Tainting Dremio Nodes for Resource Efficiency

Configure Dremio deployments to avoid node resource contention with other deployments in the cluster.

Dremio requires nodes with a minimum of 32 GB of RAM. For optimal query performance, allow 128 GB of RAM and at least 16 CPU cores for Dremio nodes.
  1. Apply a taint named dremio with a value of true and a NoSchedule effect.
    kubectl: kubectl taint nodes <your-node-name> dremio=true:NoSchedule
  2. Apply a label named dremio with a value of true.
    kubectl: kubectl label nodes <your-node-name> dremio=true
  3. To clear pods that Kubernetes already scheduled to this node, manually drain the node.
    kubectl: kubectl drain --ignore-daemonsets <your-node-name>
  4. Open systemlink-values.yaml.
  5. Configure dataframeservice.sldremio.zookeeper.count to the number of nodes with the dremio label.
  6. Configure dataframeservice.sldremio.nodeSelector to dremio: "true".
  7. Optional: Adjust the following parameters so that the tainted nodes can accommodate the pods.
    • dataframeservice.sldremio.coordinator.cpu
    • dataframeservice.sldremio.coordinator.memory
    • dataframeservice.sldremio.executor.cpu
    • dataframeservice.sldremio.executor.memory
    • dataframeservice.sldremio.executor.count
    Note Reducing resource requests and executor counts substantially from the defaults might diminish DataFrame Service query performance.
For information on how to configure SystemLink Enterprise to store your Dremio files, refer to Configuring File Storage.

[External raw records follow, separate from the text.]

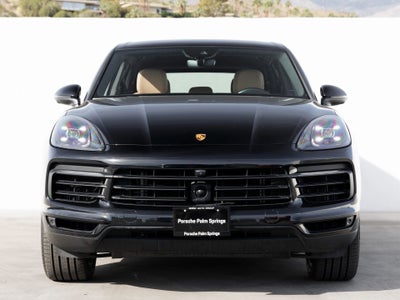 2023 Porsche Cayenne Cayenne (MY23)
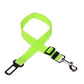 Adjustable Pet Car Seat Belt - Safety Harness Clip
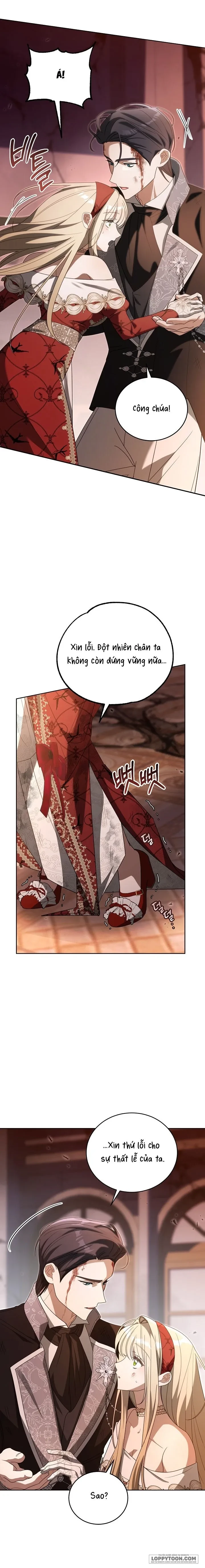 Đại Công Tước Chó Má Của Tôi Chapter 7 - 21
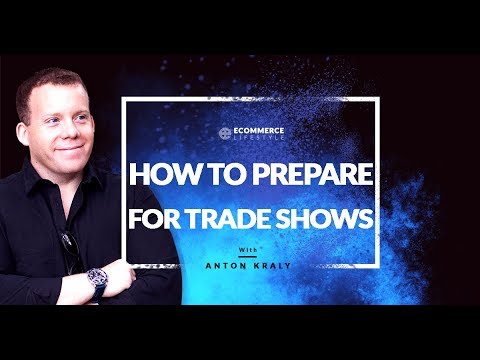 drop shipping japan How To Prepare For Trade Shows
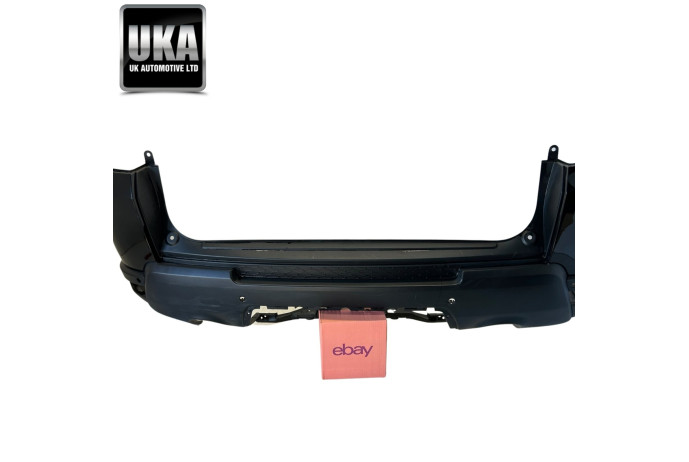 BUMPER RANGE ROVER SPORT L494 REAR BUMPER SKIN IN BLACK 2014-2017 #1
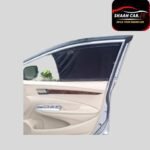Honda City 5th  (2009/2020)Retractable Car Curtains - Image 5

Setting Concurrent Query Limits

Adjust the default query limits for Dremio.

SystemLink routes all requests to query data from a Dremio table to one of two processing queues.
  • A low-cost queue that processes small queries.
  • A high-cost queue that processes large and complex queries.
    Note This queue typically handles queries that scan one million or more rows.

Each queue enforces a limit on the number of queries that can execute in parallel. By default, the high-cost queue has a limit of 10 queries. The low-cost queue has a limit of 100 queries. After reaching these limits, the DataFrame Service holds excess requests until Dremio is able to process the queries. Exceeding the set limit results in higher query latency.

Note For an example of a Dremio configuration, refer to the Data Management Sizing Example on GitHub.
  1. Open the systemlink-values.yaml file.
  2. Adjust the high-cost queue limit by configuring the dataframeservice.queryEngine.workloadManagement.highCostUserQueriesQueue.concurrencyLimit value.
  3. Adjust the low-cost queue limit by configuring the dataframeservice.queryEngine.workloadManagement.lowCostUserQueriesQueue.concurrencyLimit value.
  4. Optional: Adjust the following parameters to ensure Dremio has the resources to support the new limits.
    • dataframeservice.sldremio.executor.cpu
    • dataframeservice.sldremio.executor.memory
    • dataframeservice.sldremio.executor.count
After setting the query limit, continue monitoring the resource usage and application performance with production loads. Use this information to determine the required resource allocations.